::: RAW DATA :::

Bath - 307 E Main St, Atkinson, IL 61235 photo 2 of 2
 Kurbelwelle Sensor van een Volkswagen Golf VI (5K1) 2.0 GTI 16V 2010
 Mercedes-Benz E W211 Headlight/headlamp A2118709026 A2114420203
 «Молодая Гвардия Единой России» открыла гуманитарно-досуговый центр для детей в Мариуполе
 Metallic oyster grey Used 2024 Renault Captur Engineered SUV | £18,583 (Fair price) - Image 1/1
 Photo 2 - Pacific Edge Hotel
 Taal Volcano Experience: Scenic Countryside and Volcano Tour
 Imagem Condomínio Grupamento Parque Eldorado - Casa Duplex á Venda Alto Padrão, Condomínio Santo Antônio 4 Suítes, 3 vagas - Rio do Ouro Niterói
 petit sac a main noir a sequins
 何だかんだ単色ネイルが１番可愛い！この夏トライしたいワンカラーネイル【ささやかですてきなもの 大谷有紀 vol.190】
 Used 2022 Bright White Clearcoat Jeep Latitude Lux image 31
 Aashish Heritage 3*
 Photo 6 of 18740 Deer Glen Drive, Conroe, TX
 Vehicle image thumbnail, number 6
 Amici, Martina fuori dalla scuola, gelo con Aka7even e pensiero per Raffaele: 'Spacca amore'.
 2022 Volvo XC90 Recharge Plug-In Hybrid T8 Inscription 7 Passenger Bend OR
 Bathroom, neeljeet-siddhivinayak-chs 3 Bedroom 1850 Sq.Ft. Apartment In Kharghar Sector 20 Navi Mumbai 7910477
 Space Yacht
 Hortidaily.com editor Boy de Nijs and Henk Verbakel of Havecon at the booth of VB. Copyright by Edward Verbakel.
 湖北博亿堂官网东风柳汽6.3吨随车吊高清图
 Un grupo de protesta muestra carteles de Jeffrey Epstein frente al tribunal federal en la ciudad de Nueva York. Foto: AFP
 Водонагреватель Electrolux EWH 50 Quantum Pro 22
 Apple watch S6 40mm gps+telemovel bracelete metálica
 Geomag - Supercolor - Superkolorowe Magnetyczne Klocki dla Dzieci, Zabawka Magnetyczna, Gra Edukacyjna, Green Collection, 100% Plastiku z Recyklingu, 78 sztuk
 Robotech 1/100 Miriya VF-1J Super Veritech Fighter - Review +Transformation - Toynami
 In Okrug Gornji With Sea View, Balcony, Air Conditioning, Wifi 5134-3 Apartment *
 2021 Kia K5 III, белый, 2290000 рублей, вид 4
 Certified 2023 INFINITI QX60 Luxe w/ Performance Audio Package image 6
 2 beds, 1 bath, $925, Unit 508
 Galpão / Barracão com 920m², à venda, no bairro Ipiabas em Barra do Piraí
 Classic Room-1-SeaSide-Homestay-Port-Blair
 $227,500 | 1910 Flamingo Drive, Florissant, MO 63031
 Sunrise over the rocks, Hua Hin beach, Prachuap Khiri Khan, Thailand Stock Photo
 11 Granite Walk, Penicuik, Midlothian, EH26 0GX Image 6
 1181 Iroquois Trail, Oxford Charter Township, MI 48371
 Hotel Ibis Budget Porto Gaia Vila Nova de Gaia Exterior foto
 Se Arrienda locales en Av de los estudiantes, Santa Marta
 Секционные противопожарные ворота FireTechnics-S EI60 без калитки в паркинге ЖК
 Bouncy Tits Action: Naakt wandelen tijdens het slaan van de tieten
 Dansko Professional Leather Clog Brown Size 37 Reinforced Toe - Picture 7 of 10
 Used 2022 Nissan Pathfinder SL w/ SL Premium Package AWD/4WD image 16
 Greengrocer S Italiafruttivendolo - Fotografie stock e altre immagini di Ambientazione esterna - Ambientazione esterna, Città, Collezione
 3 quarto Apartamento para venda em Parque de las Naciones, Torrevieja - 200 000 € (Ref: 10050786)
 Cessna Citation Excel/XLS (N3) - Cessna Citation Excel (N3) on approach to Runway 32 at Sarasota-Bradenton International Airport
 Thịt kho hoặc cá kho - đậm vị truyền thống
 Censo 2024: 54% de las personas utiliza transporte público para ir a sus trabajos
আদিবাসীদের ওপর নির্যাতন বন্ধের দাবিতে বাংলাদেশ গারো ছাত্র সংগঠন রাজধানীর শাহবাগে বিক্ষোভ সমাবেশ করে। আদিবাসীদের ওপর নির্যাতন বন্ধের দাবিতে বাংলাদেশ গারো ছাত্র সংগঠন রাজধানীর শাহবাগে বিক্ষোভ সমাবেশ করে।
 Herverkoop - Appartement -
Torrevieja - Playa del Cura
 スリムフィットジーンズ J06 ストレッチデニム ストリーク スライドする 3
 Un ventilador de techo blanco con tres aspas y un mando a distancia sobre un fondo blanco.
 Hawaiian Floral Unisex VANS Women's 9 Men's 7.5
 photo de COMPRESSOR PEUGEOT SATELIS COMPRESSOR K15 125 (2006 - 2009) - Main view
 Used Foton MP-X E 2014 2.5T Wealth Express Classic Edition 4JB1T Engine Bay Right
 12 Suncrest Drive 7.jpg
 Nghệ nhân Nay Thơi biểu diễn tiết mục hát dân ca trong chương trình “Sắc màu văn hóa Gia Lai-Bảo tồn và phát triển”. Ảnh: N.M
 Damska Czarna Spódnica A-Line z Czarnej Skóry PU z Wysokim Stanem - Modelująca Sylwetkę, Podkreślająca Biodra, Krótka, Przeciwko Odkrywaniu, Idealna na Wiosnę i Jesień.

:::

> [WHAT IS REQUIRED] Both the line containing "Thịt kho hoặc cá kho - đậm vị truyền thống" and the line containing "Nghệ nhân Nay" belong in the answer. Print them and every line above that falls between them exactly, and no others.

> [REPLY TO THE TASK]
 Thịt kho hoặc cá kho - đậm vị truyền thống
 Censo 2024: 54% de las personas utiliza transporte público para ir a sus trabajos
আদিবাসীদের ওপর নির্যাতন বন্ধের দাবিতে বাংলাদেশ গারো ছাত্র সংগঠন রাজধানীর শাহবাগে বিক্ষোভ সমাবেশ করে। আদিবাসীদের ওপর নির্যাতন বন্ধের দাবিতে বাংলাদেশ গারো ছাত্র সংগঠন রাজধানীর শাহবাগে বিক্ষোভ সমাবেশ করে।
 Herverkoop - Appartement -
Torrevieja - Playa del Cura
 スリムフィットジーンズ J06 ストレッチデニム ストリーク スライドする 3
 Un ventilador de techo blanco con tres aspas y un mando a distancia sobre un fondo blanco.
 Hawaiian Floral Unisex VANS Women's 9 Men's 7.5
 photo de COMPRESSOR PEUGEOT SATELIS COMPRESSOR K15 125 (2006 - 2009) - Main view
 Used Foton MP-X E 2014 2.5T Wealth Express Classic Edition 4JB1T Engine Bay Right
 12 Suncrest Drive 7.jpg
 Nghệ nhân Nay Thơi biểu diễn tiết mục hát dân ca trong chương trình “Sắc màu văn hóa Gia Lai-Bảo tồn và phát triển”. Ảnh: N.M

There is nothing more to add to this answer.